Kebijakan ini muncul setelah analisis menunjukkan bahwa penggunaan listrik dan pendingin ruangan di kantor pemerintah mencapai puncaknya pada hari kerja penuh. Dengan mengalokasikan satu hari kerja per minggu untuk WFH, pemerintah berharap dapat menurunkan beban energi hingga dua puluh persen.
Berikut adalah komponen utama strategi yang diterapkan:
- Penetapan Jadwal Tetap: Semua unit kerja ASN diwajibkan melaksanakan WFH pada hari Rabu, kecuali unit yang membutuhkan kehadiran fisik.
- Penyediaan Infrastruktur Digital: Pemerintah menyediakan akses VPN, aplikasi kolaborasi, dan perangkat keras tambahan bagi pegawai yang belum memadai.
- Monitoring Kinerja: Sistem pelaporan harian dan penilaian produktivitas melalui indikator kunci (KPI) tetap diterapkan.
- Evaluasi Berkala: Setiap tiga bulan dilakukan evaluasi dampak energi dan produktivitas untuk menyesuaikan kebijakan.

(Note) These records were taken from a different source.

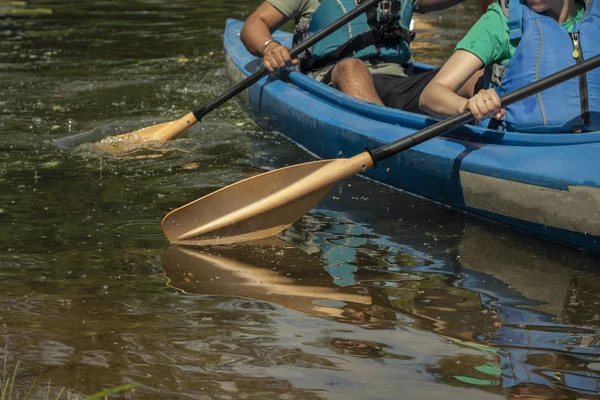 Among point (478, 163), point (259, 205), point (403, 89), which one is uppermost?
point (403, 89)

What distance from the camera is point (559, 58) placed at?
3.83 metres

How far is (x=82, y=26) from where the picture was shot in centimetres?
1038

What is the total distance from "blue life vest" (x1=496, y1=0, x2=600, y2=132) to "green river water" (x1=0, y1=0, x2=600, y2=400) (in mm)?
523

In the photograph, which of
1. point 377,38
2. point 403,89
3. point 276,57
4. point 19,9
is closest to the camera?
point 403,89

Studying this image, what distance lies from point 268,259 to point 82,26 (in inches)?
281

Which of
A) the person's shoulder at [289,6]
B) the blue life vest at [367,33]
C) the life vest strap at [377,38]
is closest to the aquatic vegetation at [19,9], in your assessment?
the person's shoulder at [289,6]

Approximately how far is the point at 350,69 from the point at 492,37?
4.04 feet

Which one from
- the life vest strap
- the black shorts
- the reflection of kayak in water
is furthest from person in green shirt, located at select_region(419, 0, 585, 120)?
the life vest strap

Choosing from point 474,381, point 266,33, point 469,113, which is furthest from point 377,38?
point 474,381

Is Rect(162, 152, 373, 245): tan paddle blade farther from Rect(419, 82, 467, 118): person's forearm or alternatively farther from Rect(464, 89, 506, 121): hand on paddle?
Rect(464, 89, 506, 121): hand on paddle

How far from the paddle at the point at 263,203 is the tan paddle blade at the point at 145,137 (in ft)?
5.16

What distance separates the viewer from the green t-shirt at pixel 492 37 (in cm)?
381

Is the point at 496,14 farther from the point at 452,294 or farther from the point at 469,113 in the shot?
the point at 452,294

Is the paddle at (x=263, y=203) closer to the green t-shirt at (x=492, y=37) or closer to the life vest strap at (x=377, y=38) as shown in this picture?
the green t-shirt at (x=492, y=37) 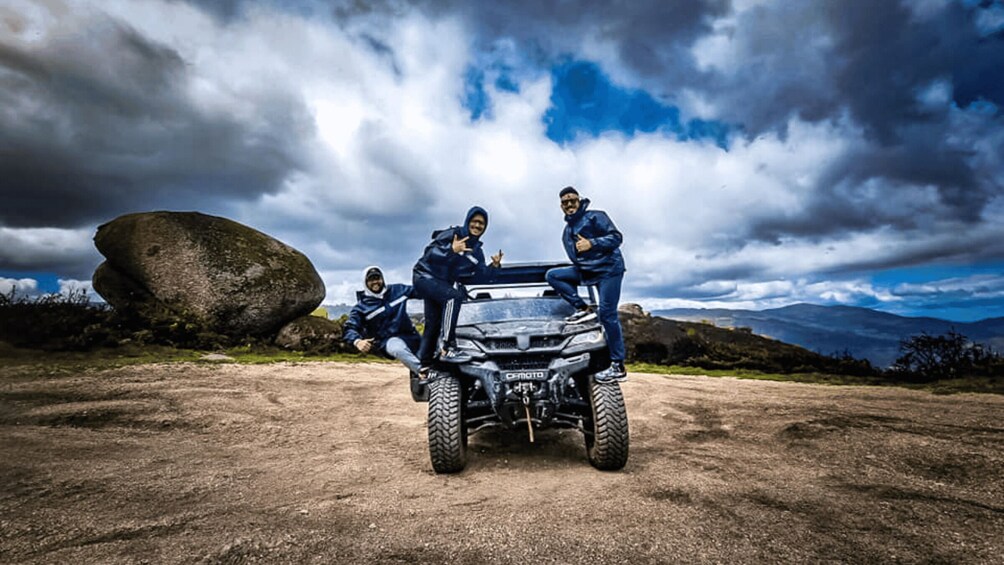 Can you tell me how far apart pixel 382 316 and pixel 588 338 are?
12.1 ft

Data perkiraan penghematan energi dapat dilihat pada tabel berikut:
| Komponen | Penggunaan Normal (kWh) | Penggunaan WFH (kWh) | Persentase Penghematan |
|---|---|---|---|
| Penerangan Kantor | 12.000 | 9.600 | 20% |
| AC & Pendingin | 30.000 | 24.000 | 20% |
| Perangkat IT | 8.000 | 6.400 | 20% |
| Total | 50.000 | 40.000 | 20% |
Selain penghematan energi, hasil awal menunjukkan bahwa tingkat produktivitas ASN tidak mengalami penurunan signifikan. Sebagian besar pegawai melaporkan peningkatan konsentrasi karena lingkungan kerja yang lebih tenang di rumah.

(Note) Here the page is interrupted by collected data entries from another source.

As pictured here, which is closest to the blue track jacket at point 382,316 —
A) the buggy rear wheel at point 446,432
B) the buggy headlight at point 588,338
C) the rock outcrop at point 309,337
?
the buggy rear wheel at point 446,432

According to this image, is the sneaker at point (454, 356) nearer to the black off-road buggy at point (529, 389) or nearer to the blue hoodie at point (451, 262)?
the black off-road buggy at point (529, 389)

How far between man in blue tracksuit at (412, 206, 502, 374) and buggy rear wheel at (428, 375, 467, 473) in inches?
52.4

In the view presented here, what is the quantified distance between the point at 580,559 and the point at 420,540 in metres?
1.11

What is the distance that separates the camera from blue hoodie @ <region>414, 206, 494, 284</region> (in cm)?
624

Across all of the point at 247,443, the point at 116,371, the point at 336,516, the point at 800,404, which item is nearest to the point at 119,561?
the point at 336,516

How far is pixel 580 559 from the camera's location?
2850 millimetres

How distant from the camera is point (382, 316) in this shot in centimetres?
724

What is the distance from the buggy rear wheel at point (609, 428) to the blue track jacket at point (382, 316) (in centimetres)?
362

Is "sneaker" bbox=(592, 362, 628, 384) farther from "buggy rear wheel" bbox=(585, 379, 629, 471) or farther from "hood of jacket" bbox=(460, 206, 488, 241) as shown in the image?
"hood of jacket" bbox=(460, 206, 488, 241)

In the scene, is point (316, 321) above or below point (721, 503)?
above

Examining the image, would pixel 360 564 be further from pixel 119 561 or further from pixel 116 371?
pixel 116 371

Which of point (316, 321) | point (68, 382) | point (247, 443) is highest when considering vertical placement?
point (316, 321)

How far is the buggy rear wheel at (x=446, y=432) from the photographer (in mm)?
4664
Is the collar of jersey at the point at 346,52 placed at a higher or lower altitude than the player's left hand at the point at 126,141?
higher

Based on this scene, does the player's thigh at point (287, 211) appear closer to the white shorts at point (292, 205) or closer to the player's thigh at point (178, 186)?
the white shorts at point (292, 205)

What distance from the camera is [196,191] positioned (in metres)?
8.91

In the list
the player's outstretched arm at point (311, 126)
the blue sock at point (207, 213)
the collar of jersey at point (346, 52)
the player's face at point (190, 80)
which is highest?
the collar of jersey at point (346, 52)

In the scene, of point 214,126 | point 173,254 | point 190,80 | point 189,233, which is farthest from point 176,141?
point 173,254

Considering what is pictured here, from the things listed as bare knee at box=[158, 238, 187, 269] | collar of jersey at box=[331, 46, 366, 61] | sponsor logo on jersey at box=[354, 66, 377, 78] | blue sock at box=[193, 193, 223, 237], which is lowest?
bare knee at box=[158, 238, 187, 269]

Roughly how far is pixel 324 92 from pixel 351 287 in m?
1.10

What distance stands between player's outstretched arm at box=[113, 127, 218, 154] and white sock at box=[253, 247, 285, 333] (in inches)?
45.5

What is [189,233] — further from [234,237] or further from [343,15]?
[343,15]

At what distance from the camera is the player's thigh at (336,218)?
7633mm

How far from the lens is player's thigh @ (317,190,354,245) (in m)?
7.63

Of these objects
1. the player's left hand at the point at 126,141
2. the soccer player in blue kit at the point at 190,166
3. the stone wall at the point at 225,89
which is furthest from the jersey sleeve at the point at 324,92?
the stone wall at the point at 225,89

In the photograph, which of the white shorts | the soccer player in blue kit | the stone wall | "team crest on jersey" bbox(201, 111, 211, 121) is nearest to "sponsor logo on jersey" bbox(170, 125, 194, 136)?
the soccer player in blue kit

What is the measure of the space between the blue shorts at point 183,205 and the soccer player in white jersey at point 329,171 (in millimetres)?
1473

Namun, tantangan tetap ada, antara lain keterbatasan jaringan internet di daerah terpencil dan kebutuhan koordinasi lintas unit yang tetap memerlukan pertemuan tatap muka. Pemerintah Provinsi menyiapkan program bantuan infrastruktur broadband bagi wilayah yang belum terjangkau.
Secara keseluruhan, kebijakan WFH hari Rabu diharapkan menjadi langkah strategis yang mendukung agenda pengurangan jejak karbon sekaligus menumbuhkan budaya kerja fleksibel di lingkungan ASN Jawa Timur.